Since this bug leads to data loss I'd recommend increasing severity to high.



Comment 2 Radek Bíba 2006-08-18 16:39:04 UTC
Oh! If KDE doesn't correctly show if the card is mounted or not then it's another
bug. Changing the severity of this one anyway - I can imagine folks not checking
the icon change and unplugging the device while still mounted.

Comment 3 Adalbert Prokop 2006-08-19 09:53:16 UTC
I can confirm this behaviour.
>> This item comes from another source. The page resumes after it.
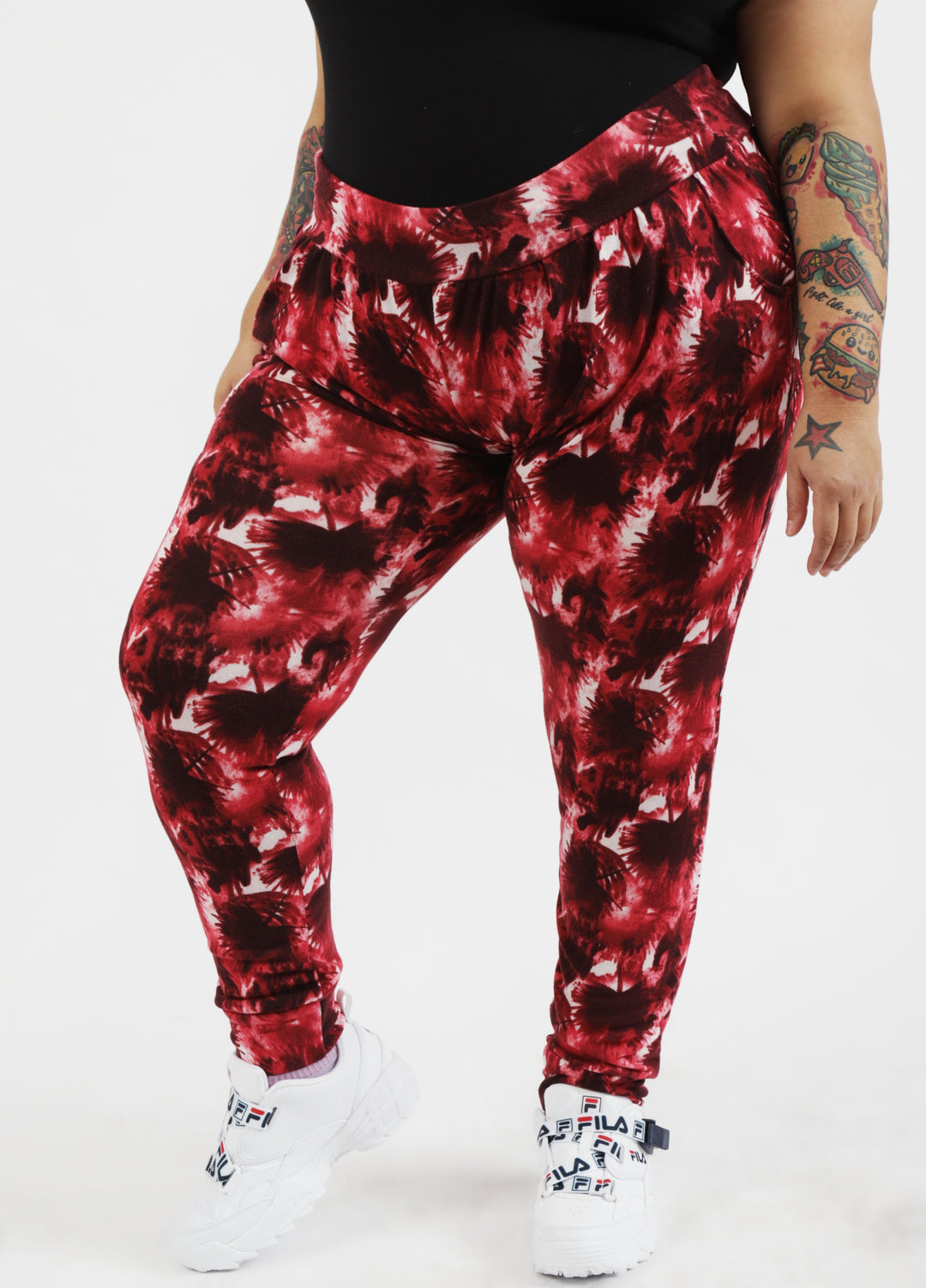 Pantalón Jogger Tejido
As ordinary user one has to use command line tools
like gnome-umount to unmount the device correctly.

Comment 4 Than Ngo 2006-08-22 15:00:44 UTC
it's strange, i still cannot reproduce it on my test machine with current 
FC5-update.

there's a short list of the packages which works on my machine
kdelibs-3.5.4-0.1.fc5
kdebase-3.5.4-0.2.fc5
util-linux-2.13-0.20.4
hal-0.5.7-3.fc5.2
dbus-0.61-3.fc5.1


Could you please update all packages from FC-update and try again? Thanks

Comment 5 Than Ngo 2006-08-22 15:33:48 UTC
*** Bug 203504 has been marked as a duplicate of this bug. ***

Comment 6 Mary Ellen Foster 2006-08-22 15:36:22 UTC
There seem to be multiple media-manager related entries in the KDE 3.5.4
changelog at
http://www.kde.org/announcements/changelogs/changelog3_5_3to3_5_4.php -- scroll
down to "media manager" and take a look. I suspect one of those is what broke
it. It would be nice if there were an error message somewhere, instead of things
just silently not working ...

One possible suspect is this:
"Fix unmounting on systems that use supermount. Fixes bug 116209. See SVN commit
551890."

Comment 7 Mary Ellen Foster 2006-08-22 15:37:51 UTC
NB: here's the link to the KDE bug I referred to above
http://bugs.kde.org/show_bug.cgi?id=116209

Comment 8 Than Ngo 2006-08-22 15:43:33 UTC
i have taken a look at #116209 , the fix is correct and does not cause this 
problem.

Aas i said above it works for me with current FC5-update.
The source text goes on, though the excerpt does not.